Son günlerde sosyal medyada tartışılan bir konu beni hem güldürdü hem de düşündürdü: Evlenen kadının kendi soyadını tek başına kullanma hakkının kaldırılması. Bu, aile birliğine zarar verdiği gerekçesiyle gündeme getirildi. Ancak, bu tartışmanın tam da ülkemizin ekonomik sıkıntılar, ucuz ölümler, yetersiz adalet ve sürekli değişen eğitim sistemi gibi ciddi sorunlarla boğuştuğu bir dönemde yapılması, adeta ülkemizin bir parodisi gibi.
Bir yanda vatandaşlar geçim derdinde, işsizlik ve enflasyon can yakıyor. Eğitim sistemi neredeyse her yıl değişiklik geçiriyor, gençlerimiz belirsizlikle karşı karşıya. Adalet sisteminde yaşanan sıkıntılar, vatandaşların hukuka olan güvenini sarsıyor. Kadın cinayetleri, iş kazaları, sağlık sektöründe yaşanan sıkıntılar her gün gündemimize oturuyor.
Tüm bu sorunlar varken, kadının evlilik sonrası soyadı tartışması gerçekten öncelikli bir mesele mi? Elbette, kadının soyadı kullanımı önemli bir toplumsal cinsiyet eşitliği meselesidir. Ancak bu konunun, daha hayati meseleler önünde bu kadar geniş yer bulması düşündürücüdür.
Soyadı meselesi üzerinden aile birliğinin zarar gördüğü iddia ediliyor. Oysa ki, aile birliğini asıl tehdit eden şeyler, ekonomik sıkıntılar, şiddet, eğitimsizlik ve adaletsizliktir. Bir kadının soyadını kullanması, aile birliğinin temel taşlarını sarsacak kadar büyük bir mesele değildir.
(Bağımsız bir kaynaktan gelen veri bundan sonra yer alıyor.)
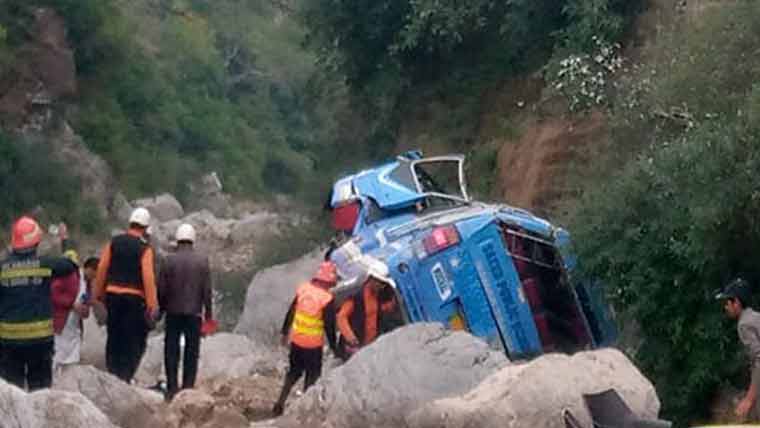 سکول ٹرپ کی بس شکرپڑیاں کے مقام پر حادثے کا شکار، ایک طالبعلم جاں بحق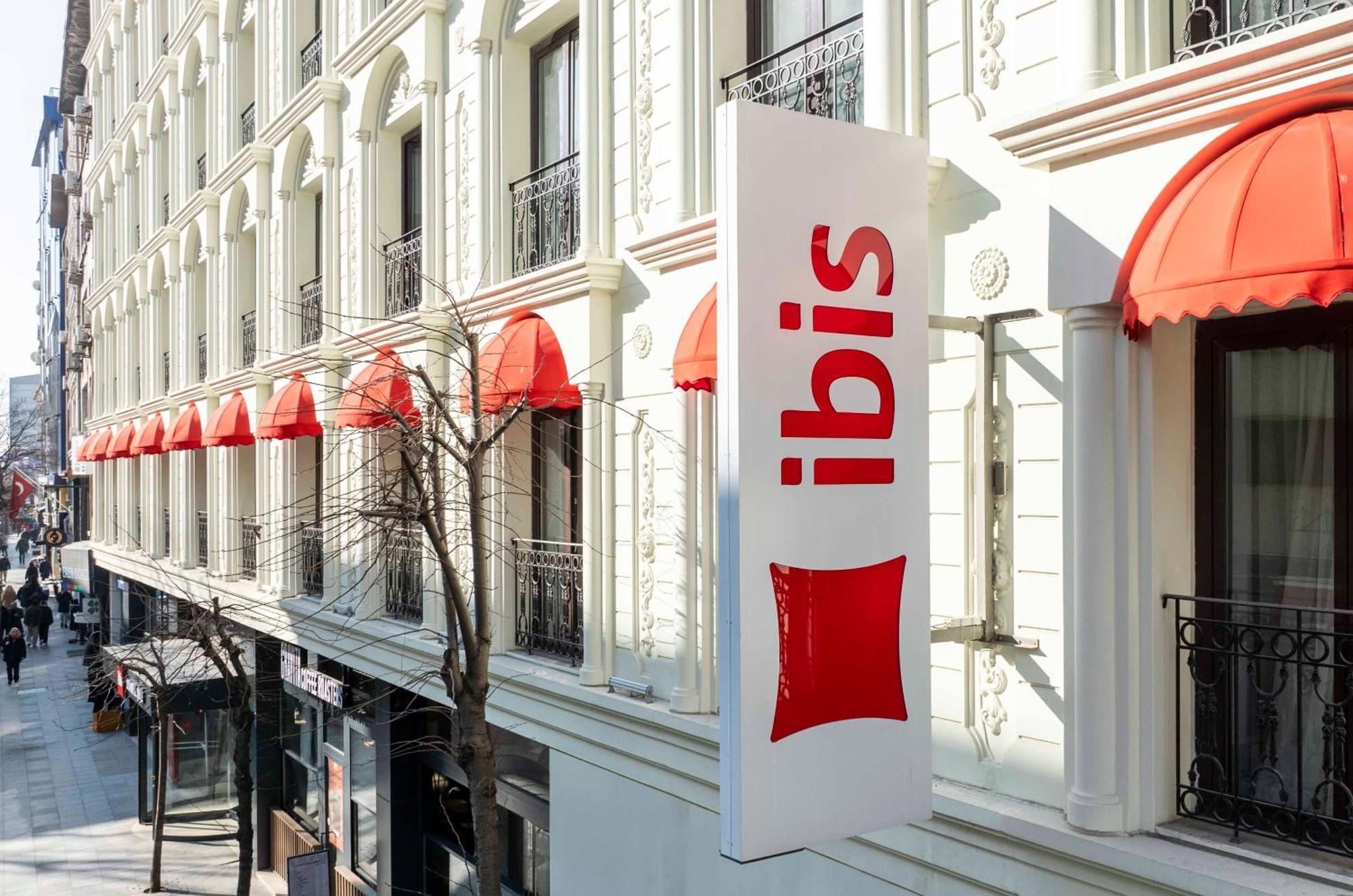 Ibis Istanbul Sisli Hotell Exteriör bild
Sosyal medyanın gündeminde yer bulan konuların, gerçek gündemimizi gölgelemesi üzücü. Toplumsal önceliklerimizi doğru belirlemeli ve gerçek sorunlara odaklanmalıyız. Bu, sadece bireysel olarak değil, toplumsal olarak da güçlü olmamız şarttır ki unutulmamalı, güçlü toplum güçlü kadınlar ve güçlü kadınlar güçlü toplumlar demektir.